Waxy, Upcoming.org, Web2.0, Post-Yahoo Acquisition Timeline

“A Tale of Three .Orgs” (Talk given by Andy Baio at 6/04/2008 PDX Web Innovators meeting)

Bram Pitoyo’s writeup: http://linkenfuego.wordpress.com/2008/06/05/portland-creativetech-event-review-pcter-16/

It started with a script that Andy wrote. He published the result of the script which used a dictionary word list to find available domains on his website, and he registered the three .org’s he liked (Upcoming.org, Waxy.org, Meaty.org).

Waxy.org

A couple of months before Meetup.org launched, Andy started Waxy.org. He said that the process of starting a blog was the most important decision he ever made (and he didn’t know it at the time…).

In this first post on Waxy.org dated April 14, 2002, he set three rules for Waxy.org:

  1. No journaling. He believes that you have to be a really good writer to make your personal experiences relevant to people who don’t know you. [I believe this is why most blogs of the personal nature aren’t successful]
  2. No tired memes (at the time, there were memes going around like what kind of smurf were you – this is still prevalent today with the 50 questions)
  3. The most important. Be original. Don’t write stuff that other people are writing. [When I look at waxy.org today, the fact that you can deep-dive into his archives and be entertained and fascinated for hours is proof Andy creates interesting, original content.]
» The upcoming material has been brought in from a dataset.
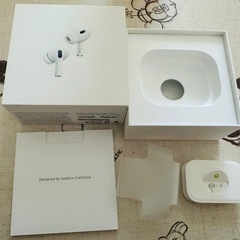 AirPods Pro 2 第2世代　USB-C 正規品の画像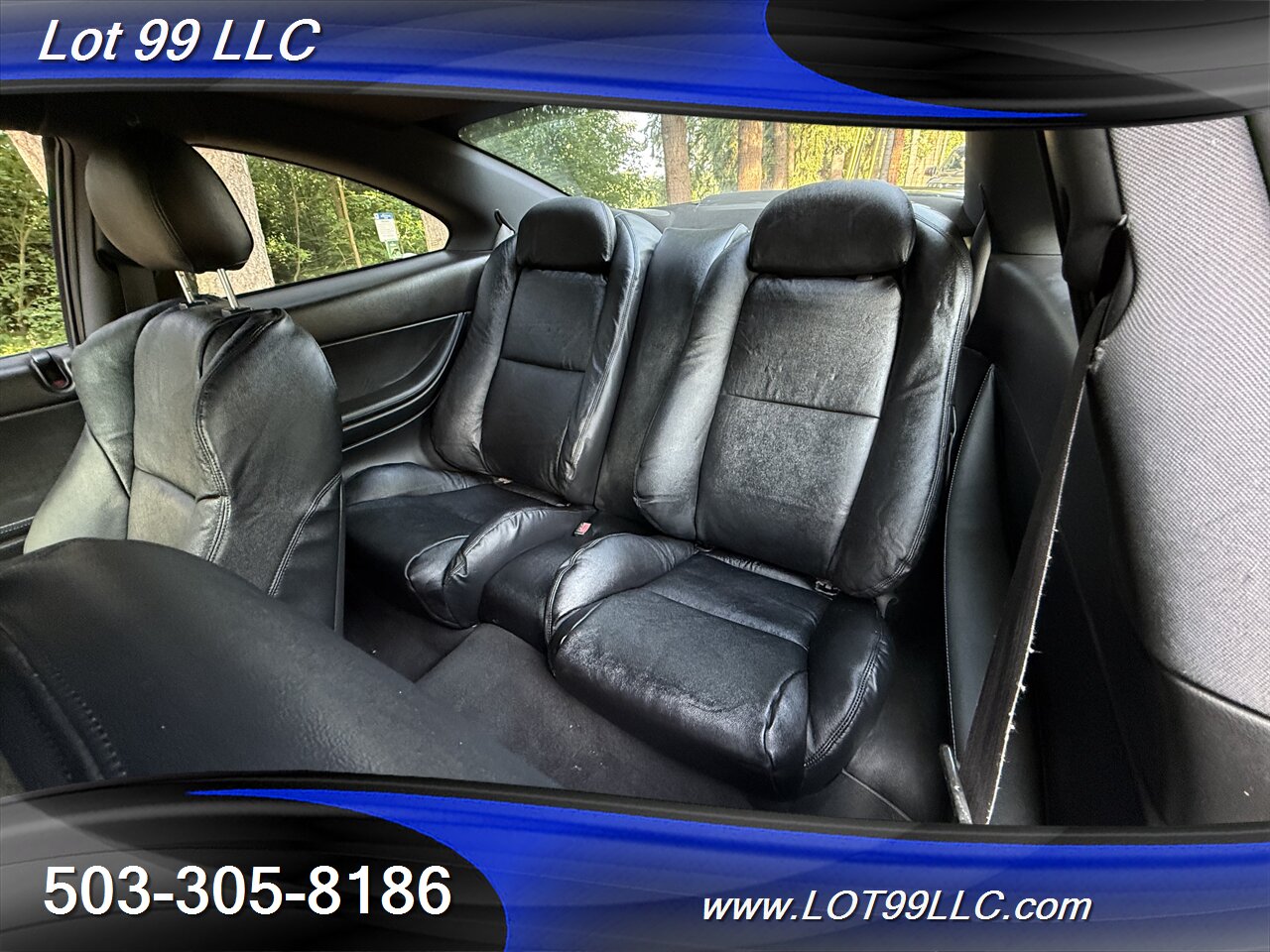 2006 Pontiac GTO 96k 6.0 V8 400hp NEW LEATHER INTERIOR - Photo 17 - Milwaukie, OR 97267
The purpose of these three rules? Add value.

According to Andy, starting Waxy.org was of immeasurable value.

  1. It raised Andy’s visibility beyond that of his personal social networks. Within one year after Waxy.org launched, Andy was cited in the NYTimes five different times by five different writers. Waxy.org became an influence on mainstream media
  2. It was a platform for launching his future projects. The blog post on the upcoming launch of Upcoming.org: http://waxy.org/2003/09/upcomingorg_lau/
  3. His blog connected him to like-minded people.
  4. Through Waxy.org, Andy has pretty much been able to meet everyone he cares about and admires.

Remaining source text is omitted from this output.